Calipo sacudió la cabeza.
—¡Señor! —protestó, dirigiéndose al rey—. Nadie ha construido jamás nada superior a los dos talentos. ¡Ni siquiera Demetrio el Sitiador, ni Ptolomeo de Egipto!
—¡Calla! —dijo Hierón, y siguió sonriendo a Arquímedes—. Permíteme asegurarme de que te he comprendido. ¿Me estás diciendo que podrías fabricar una catapulta sin límite en cuanto a tamaño?
—En la mecánica teórica no existen los límites —respondió el joven—. Cuando una cosa se construye correctamente y no funciona, es debido a que los materiales son demasiado débiles, no a que los principios están equivocados. Es como las palancas y las poleas.

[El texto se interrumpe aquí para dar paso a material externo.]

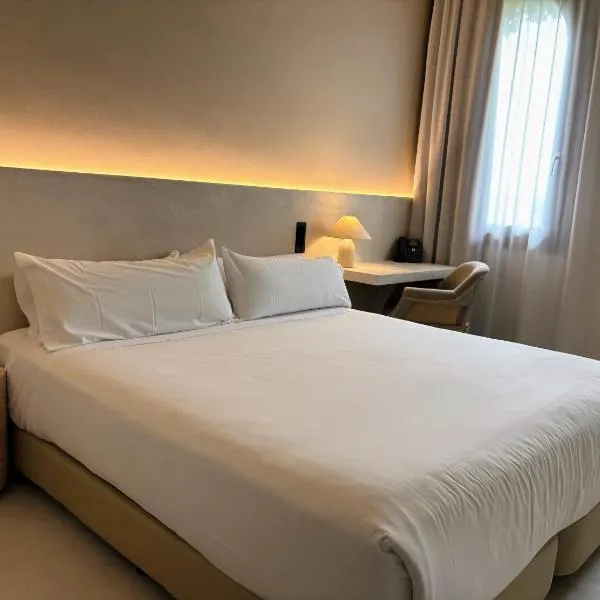 Les Clarisses Boutique Hotel, hotel v destinaci Vic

En teoría es posible mover cualquier peso, por grande que sea.
—¡Eso dicen! —exclamó Calipo, ya abiertamente indignado—. ¡Pero nunca he visto a nadie moviendo una casa con palancas y poleas!
—¡Disponiendo de un punto de apoyo, yo podría mover la Tierra! —declaró Arquímedes.

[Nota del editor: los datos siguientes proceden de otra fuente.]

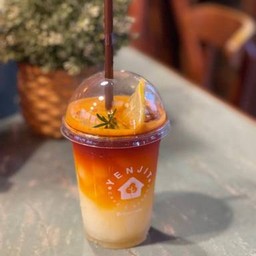 ยูซุ-แบล็คที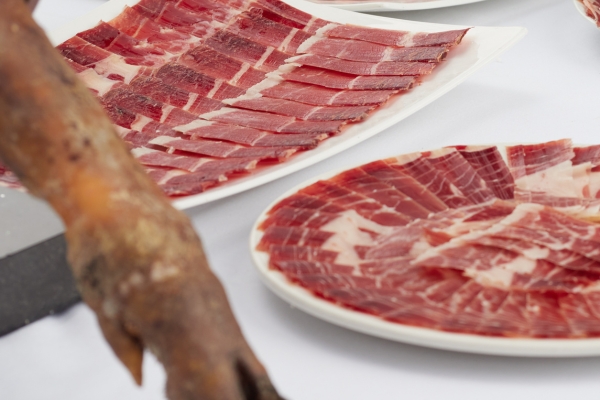 Beneficios de Comprar Jamón Ibérico en Lonchas
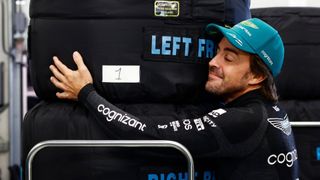 Fernando Alonso lanza una explicación al bajón de Aston Martin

—¡Estamos en Siracusa, no en Alejandría! —le espetó Calipo—. ¡En la Tierra, no en el reino de las nubes!
—¡Yo digo que podría mover una casa! —lo desafió Arquímedes—. O… un barco.
Hierón estaba radiante.
—¿Tú crees que es imposible? —le preguntó a su ingeniero jefe.
Calipo miró a Arquímedes y luego al rey, y asintió.
Hierón se volvió hacia Arquímedes.
—¿Y tú sostienes que podrías hacerlo?
—Sí —respondió sin pensarlo—. Con la cuerda suficiente.
—Entonces hazlo —le ordenó el rey—. Quiero verlo. Hazme una demostración de mecánica teórica. Te autorizo para que utilices cualquier barco, los talleres reales que desees y toda la cuerda que necesites. Pero quiero catapultas. —Le dio una palmadita a Bienvenida —. Ocúpate de que Eudaimon la copie, si puede… Por cierto, ahora estará bajo tus órdenes. Hoy se tomará el resto del día libre, pero mañana deberá acudir de nuevo al taller. Si no aparece, o te causa algún problema, infórmame. Corrige cualquier error que cometa, pero deja que supervise él los trabajos; quiero que tú te concentres en la catapulta de cincuenta kilos, y espero también que Eudaimon sepa luego copiarla. Cuando hayas terminado la primera, puedes empezar a pensar en la de tres talentos. No, constrúyela de dos… No tenemos tiempo para grúas. Pero no retrases tu demostración. Quiero ver cómo mueves un barco.